Innover, structurer, rechercher et labelliser Jean-Eudes Kakou avec son poivre de Tiassalé entend bien parvenir à l'excellence, un peu à l'image du poivre camerounais de Penja qui a obtenu une IGP, une Indication Géographique Protégée. 

Tiassalé, zone de production pour le poivre 

« Le Cameroun est l'exemple. Pour nous l’IGP, c’est l’aboutissement, on veut vraiment arriver à ça. Je pense qu'on est plutôt bien parti. C'est qu'on est, quand même, les premiers en Côte d'Ivoire à avoir tenté cette expérience de culture du poivre. Chaque année, nous augmentons nos volumes, mais ce que nous faisons beaucoup plus, c'est de motiver d'autres producteurs à planter du poivre. Une hirondelle ne peut pas faire le printemps, mais on ne peut pas tout mettre autour de nous. On veut vraiment que Tiassalé soit une zone de production pour le poivre ».
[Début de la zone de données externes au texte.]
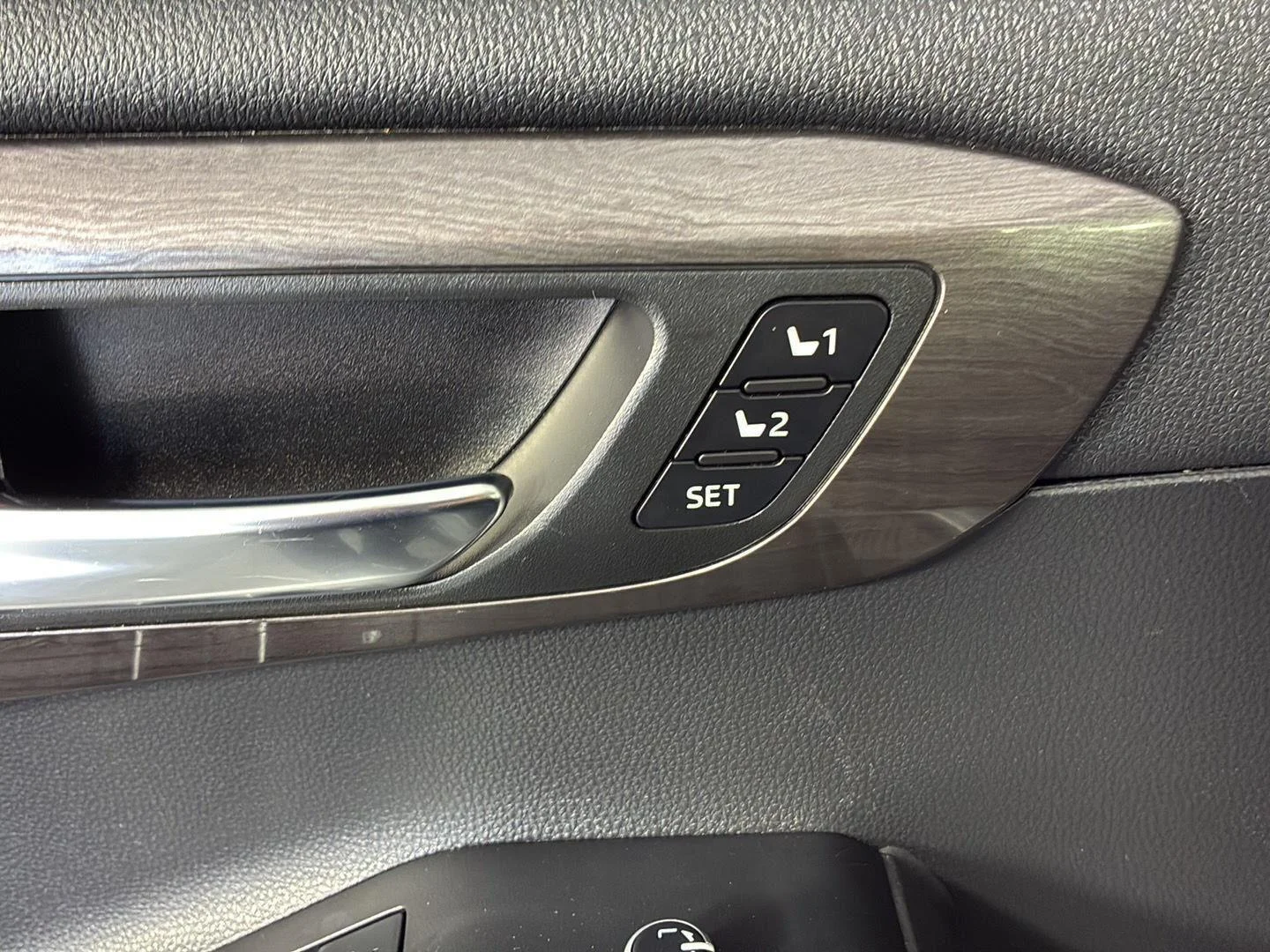 Used 2022 Celestial Silver Metallic Toyota Platinum image 28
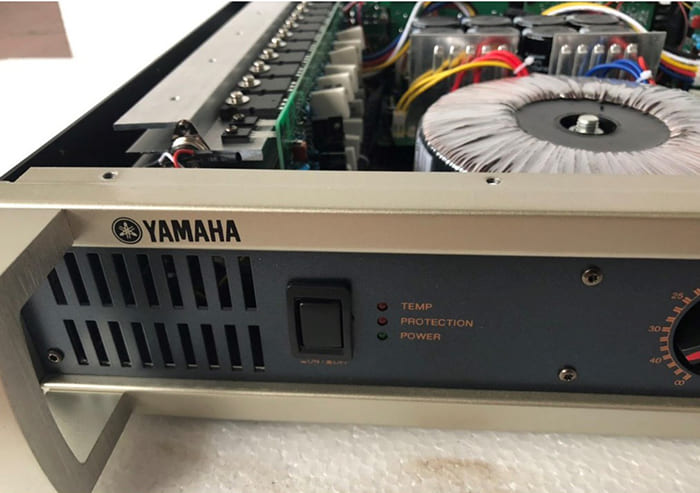 Cục đẩy công suất giá 4 triệu Yamaha P9500S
Obtenir cette IGP marquerait l'excellence du produit, mais aussi la garantie de revenus. Delphine Marie-Vivien est chercheur, spécialisée en propriété intellectuelle au Cirad

« Le grand bénéfice de cette démarche, c'est vraiment sa dimension collective. Quand vous êtes sur un nom géographique, vous êtes forcément sur un produit qui est réputé du fait d'un ensemble de producteurs depuis plusieurs. Et avec l'idée derrière effectivement d'avoir la reconnaissance de la qualité spécifique grâce à l'usage exclusif du nom et de ce fait-là, du coup, de revenus améliorés. En tout cas, c'est ce qu'on a vu pour le poivre de Penja, c'est ce que l'on voit pour beaucoup d'appellations d'origine, indications géographiques ». 

Il y a dix ans, en décrochant le label IGP, le poivre du Penja au Cameroun a vu sa valeur tripler sur le marché et la surface de culture quintupler.